INSTRUCTIONS TO FOLLOW — Nothing but the line containing "6. Ricardo Arduengo'dan" and the lines after it in the entries below should appear, each repeated exactly.

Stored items
★ ★ ★ ★ ★

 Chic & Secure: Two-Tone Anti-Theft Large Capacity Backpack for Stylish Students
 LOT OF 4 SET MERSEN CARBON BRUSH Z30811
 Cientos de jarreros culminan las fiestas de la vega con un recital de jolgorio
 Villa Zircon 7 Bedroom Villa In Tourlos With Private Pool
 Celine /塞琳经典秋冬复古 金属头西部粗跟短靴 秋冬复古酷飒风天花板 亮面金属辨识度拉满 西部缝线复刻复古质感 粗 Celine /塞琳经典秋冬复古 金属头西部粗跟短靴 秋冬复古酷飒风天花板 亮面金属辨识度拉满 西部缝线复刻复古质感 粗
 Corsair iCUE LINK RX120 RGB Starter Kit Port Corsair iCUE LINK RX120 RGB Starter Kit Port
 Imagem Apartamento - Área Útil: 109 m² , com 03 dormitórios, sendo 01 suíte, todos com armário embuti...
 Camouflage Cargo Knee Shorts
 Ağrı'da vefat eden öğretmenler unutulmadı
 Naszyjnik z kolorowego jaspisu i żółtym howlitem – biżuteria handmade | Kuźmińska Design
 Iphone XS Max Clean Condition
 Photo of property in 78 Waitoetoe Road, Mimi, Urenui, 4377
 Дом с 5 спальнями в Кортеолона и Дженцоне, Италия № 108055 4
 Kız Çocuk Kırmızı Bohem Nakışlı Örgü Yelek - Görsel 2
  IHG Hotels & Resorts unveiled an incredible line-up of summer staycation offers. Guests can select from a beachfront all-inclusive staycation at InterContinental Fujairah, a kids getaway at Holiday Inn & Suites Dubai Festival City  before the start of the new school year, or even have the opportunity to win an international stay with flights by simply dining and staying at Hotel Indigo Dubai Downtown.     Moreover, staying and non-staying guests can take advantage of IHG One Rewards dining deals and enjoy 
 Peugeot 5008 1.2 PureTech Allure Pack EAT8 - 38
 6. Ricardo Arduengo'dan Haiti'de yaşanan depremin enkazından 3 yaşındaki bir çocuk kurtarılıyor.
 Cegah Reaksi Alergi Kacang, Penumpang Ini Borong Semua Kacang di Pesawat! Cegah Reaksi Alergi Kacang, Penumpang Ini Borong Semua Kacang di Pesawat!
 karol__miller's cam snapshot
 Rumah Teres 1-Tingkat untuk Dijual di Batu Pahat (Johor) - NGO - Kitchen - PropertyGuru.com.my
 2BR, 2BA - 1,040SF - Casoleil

★ ★ ★ ★ ★

ANSWER FOR THE TASK —
 6. Ricardo Arduengo'dan Haiti'de yaşanan depremin enkazından 3 yaşındaki bir çocuk kurtarılıyor.
 Cegah Reaksi Alergi Kacang, Penumpang Ini Borong Semua Kacang di Pesawat! Cegah Reaksi Alergi Kacang, Penumpang Ini Borong Semua Kacang di Pesawat!
 karol__miller's cam snapshot
 Rumah Teres 1-Tingkat untuk Dijual di Batu Pahat (Johor) - NGO - Kitchen - PropertyGuru.com.my
 2BR, 2BA - 1,040SF - Casoleil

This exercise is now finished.